Provided records:
--- START ---
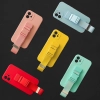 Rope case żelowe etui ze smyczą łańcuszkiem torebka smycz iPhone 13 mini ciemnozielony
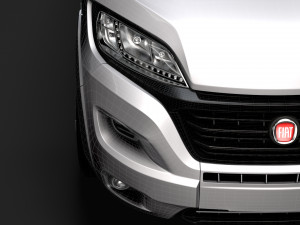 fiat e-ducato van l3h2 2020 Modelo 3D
--- END ---
--- START ---
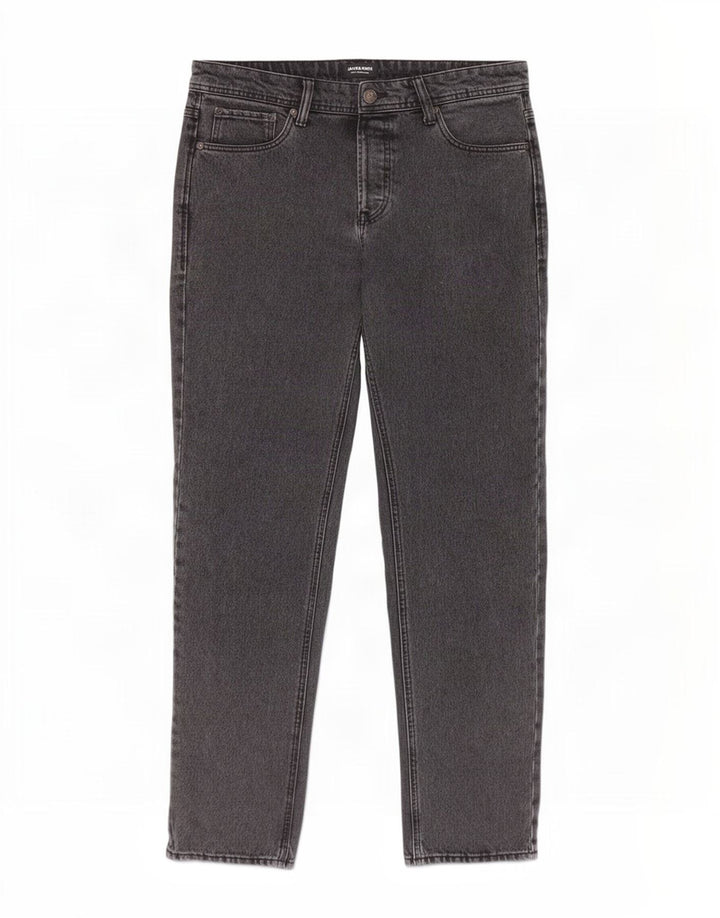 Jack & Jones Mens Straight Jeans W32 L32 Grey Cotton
--- END ---
Exercise objective: In the records above, find the line with "Rope case żelowe" and the line with "fiat e-ducato van l3h2 2020 Modelo 3D". Write out exactly those lines and every one between, with no pictures and no other lines.

Expected answer:
 Rope case żelowe etui ze smyczą łańcuszkiem torebka smycz iPhone 13 mini ciemnozielony
 fiat e-ducato van l3h2 2020 Modelo 3D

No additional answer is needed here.